Chris Murphy <lists@xxxxxxxxxxxxxxxxx> · Sun, 19 Aug 2012 11:02:59 -0600

On Aug 18, 2012, at 9:17 PM, Stan Hoeppner wrote:
>> 
> 
> Yes, as in the case of XFS journal alignment, where the maximum stripe
> unit (chunk) size is 256KB and the recommended size is 32KB.  This is a
> 100% metadata workload, making full stripe writes difficult even with a
> small stripe unit (chunk).  Large chunks simply make it much worse.  And
> every modern filesystem uses a journal…

I agree that a bigger chunk size is not inherently better. I suspect 512K is selected for the default because for most people storage loads, which aren't spectacularly heavy (either data or metadata).
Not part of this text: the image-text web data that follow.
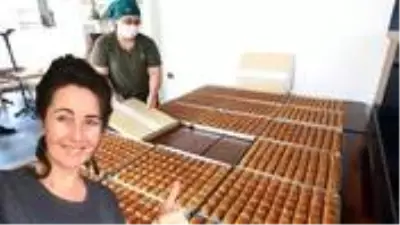 Karantinadaki kadın mühendis, yurt çalışanlarına teşekkür için 30 tepsi baklava ısmarladı Karantinadaki kadın mühendis, yurt çalışanlarına teşekkür için 30 tepsi baklava ısmarladı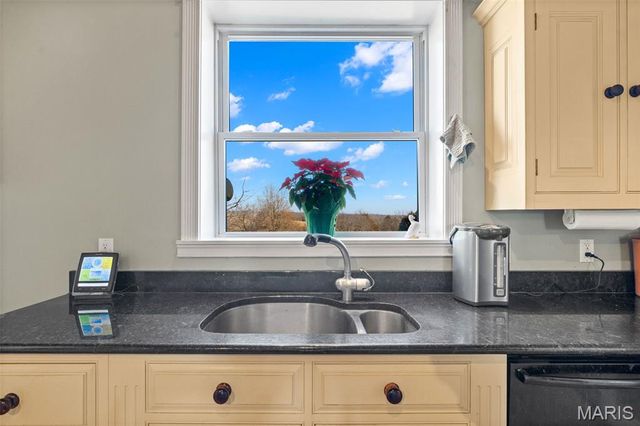 100 Little White Oak Road, New Haven, MO 63068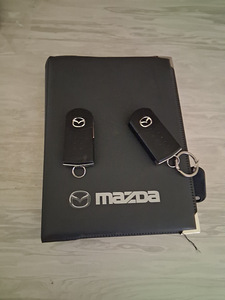 Mazda 3 2007 (7 фото из 10)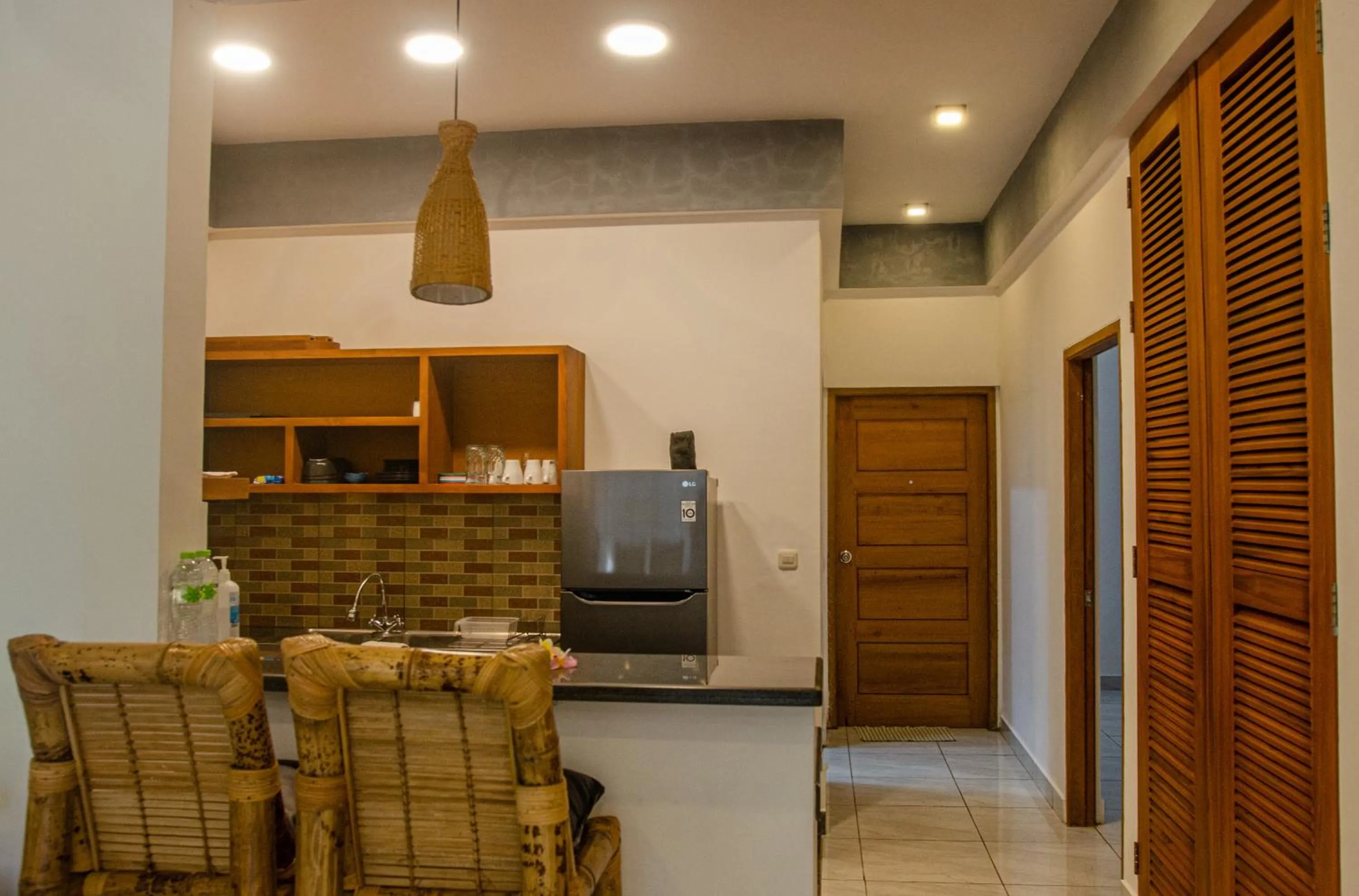 Kitchen or kitchenette in Senggigi Homes & Apartments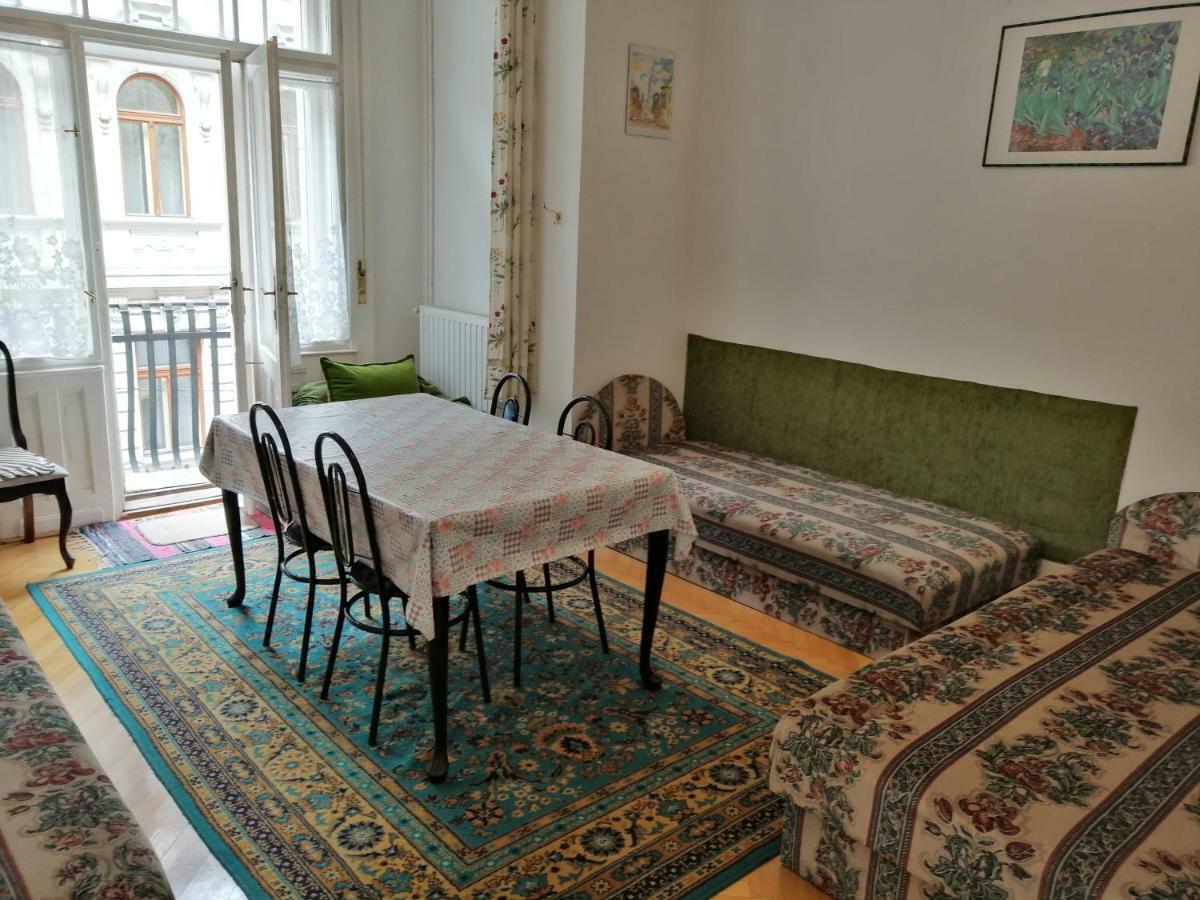 Garibaldi 5 Apartments & Rooms Budapest Ngoại thất bức ảnh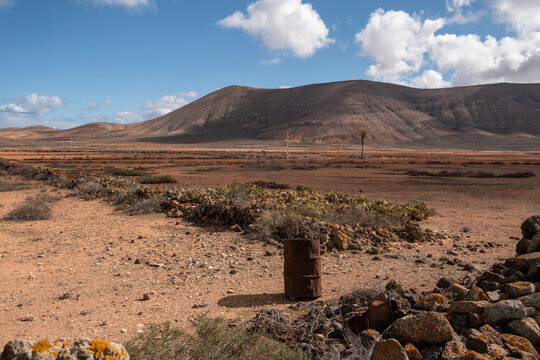 Vista de los campo con gavias para recoger las aguas. La Oliva, Fuerteventura. 
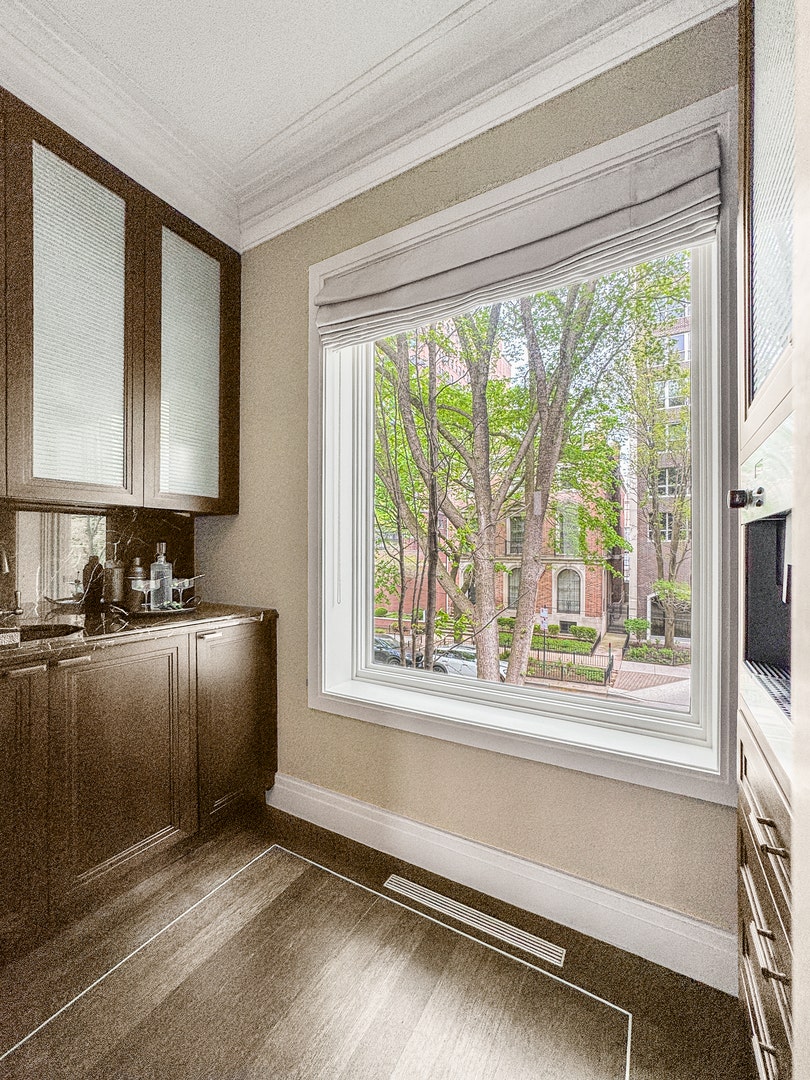 1524 N Astor Street, Chicago, IL 60610 1524 N Astor Street, Chicago, IL 60610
But all the documentation I find on mdadm fairly well hits home that to get the best performance, you have to test.

One small quibble, however, is that the three newest filesystems, don't use journals: ZFS, btrfs, ReFS.

> 
>> Overall, I think 512Kb is quite a good chunk size, even for a raid5
>> array.
> 
> I emphatically disagree.  For the vast majority of workloads, with a
> 512KB chunk RAID5/6, nearly every write will trigger RMW, and RMW is
> what kills parity array performance.  And RMW is *far* more costly than
> sending smaller vs larger IOs to the drives.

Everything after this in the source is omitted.